Mike had this way about him that Peter secretly admired. He could be a stone bastard and stay totally deadpan so that it went over the heads of stupid people and the smart ones had to stop and try to pick out just what the Texan was driving at. Mike's "deck of cards in disguise" crack was brilliant. On the surface, it seemed like something silly that the kids tuning in would really dig, but beneath the surface, the whole bit was a giant fuck you to the producers and directors and all the other idiots who thought this whole trip was a good idea. Peter could barely stop grinning, especially when Mike included him in the gag. When the joke had reached its peak, Peter almost laughed at Mike's little self-deprecating comment as he explained the "trick." There were snickers all around, and Peter could've kissed the Texan -
that would have made for good T.V.


Red

He couldn't do it. He just could not stop looking at Peter in those dang red shorts that covered him up about as much as a fig leaf would have.

Mike knew it was wrong. First of all, there was a serious situation going on. The cute blonde chick Davy had been seeing, Vanessa Russell, was in a heap of trouble both at school and with her folks. Jane Gunther was telling them all about it, and the others were listening intently, sad at the news. Mike, on the other hand, couldn't feign much interest. For one, he didn't really get it. The girl wasn't even 16 yet. She'd gotten hung up - it happened. Why was it such a crisis? For another, Jane Gunther had one of
the most monotonous voices he'd ever heard, and he had to hear it a lot with her father being their manager and all, plus Micky seemed to have a thing for the chick.
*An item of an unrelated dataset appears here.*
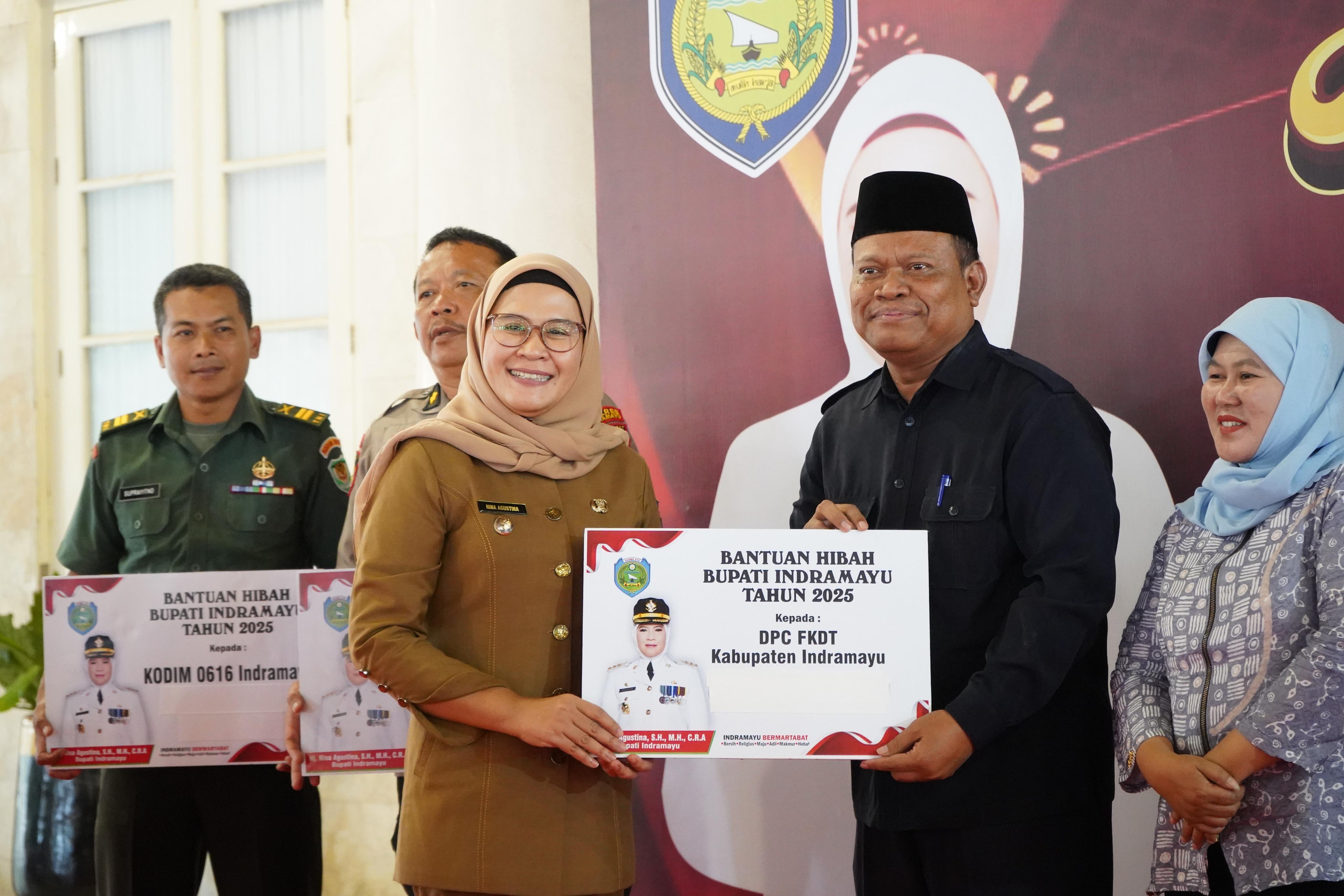 Bupati Nina Agustina Serahkan Hibah Daerah Tahun Anggaran 2025 dalam Peringatan Isra Mi'raj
And then there were those shorts. On Peter. His friend. His
male friend. Those damn shorts!

Mike was just amazed by what he really wasn't supposed to notice. Peter was shorter by hair than he, but better filled out in every aspect. Still, Mike never thought Peter would have all
that to work with. But it was very prominently on display in those dang red shorts. Mike couldn't understand why he was the only one looking. Didn't the others notice? Or was he just a perverted fool? Or a fool period, for noticing not just what the shorts were outlining, but what they showcased - long, tan, well-muscled legs. Peter was wearing a red shirt, too, that highlighted his broad shoulders, toned arms and graceful neck. Mike felt shame bubbling in him and he turned toward Jane, trying to leer at the pretty girl in her nice bikini, but his gaze went right back to the sunny bass player almost immediately.
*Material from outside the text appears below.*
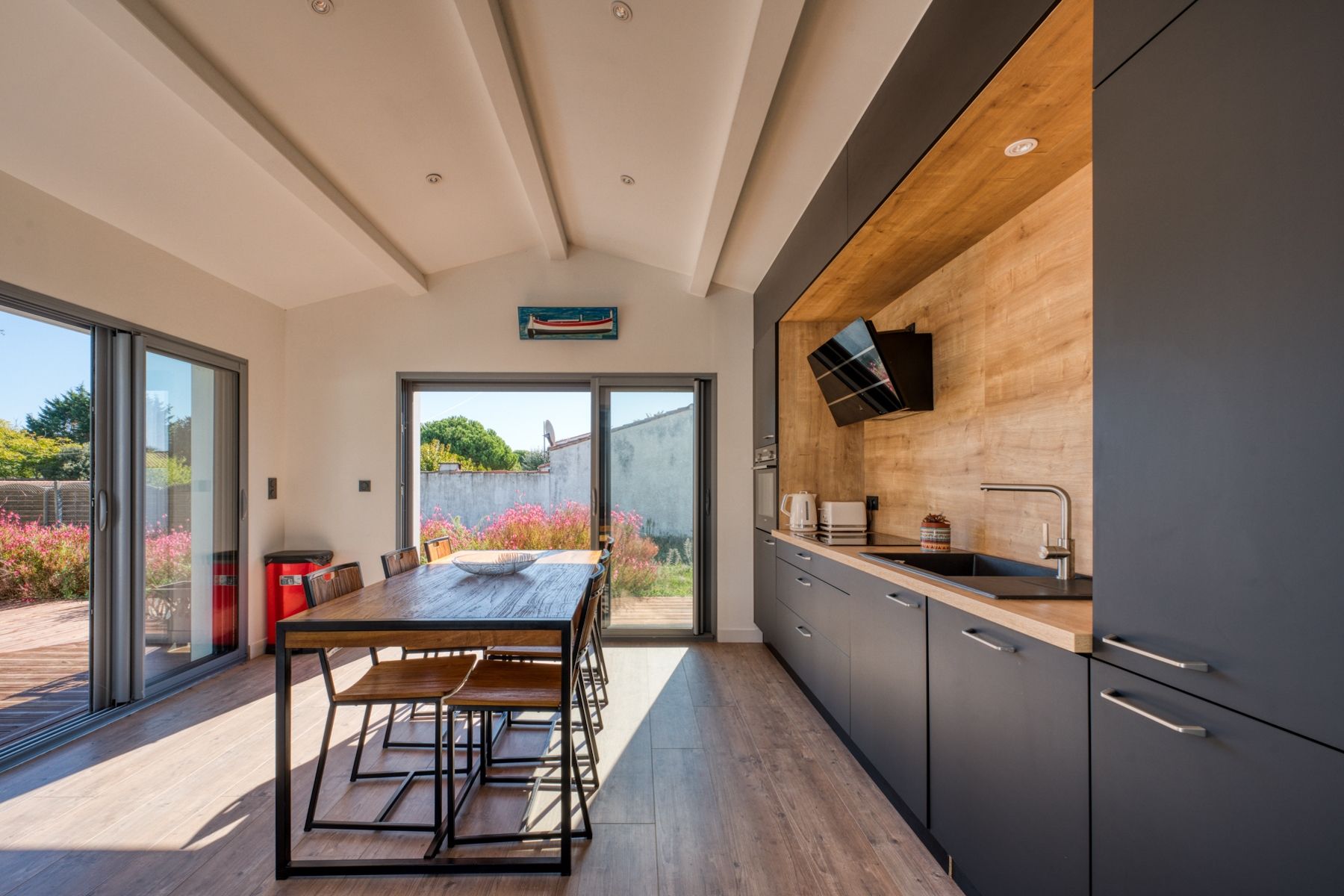 prestigious house 6 Rooms for sale on LA COUARDE SUR MER (17670)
It was just as well that an upset Davy stormed off down the beach and Mike was "elected" to go after him and talk sense to the young Brit. Mike reckoned that a few moments more, and he woul have started drooling.

Yellow

If they shouted "cut" one more time, someone was going to die. It was hot as hell, and they were already running behind schedule. There wasn't any sort of breeze coming off the water and the sand was scorching. Davy was in makeup
again, Micky was studying the script. That left Peter and Mike standing where the water lapped at the shore, glaring at the assembled bunch and wishing they'd get on with it already.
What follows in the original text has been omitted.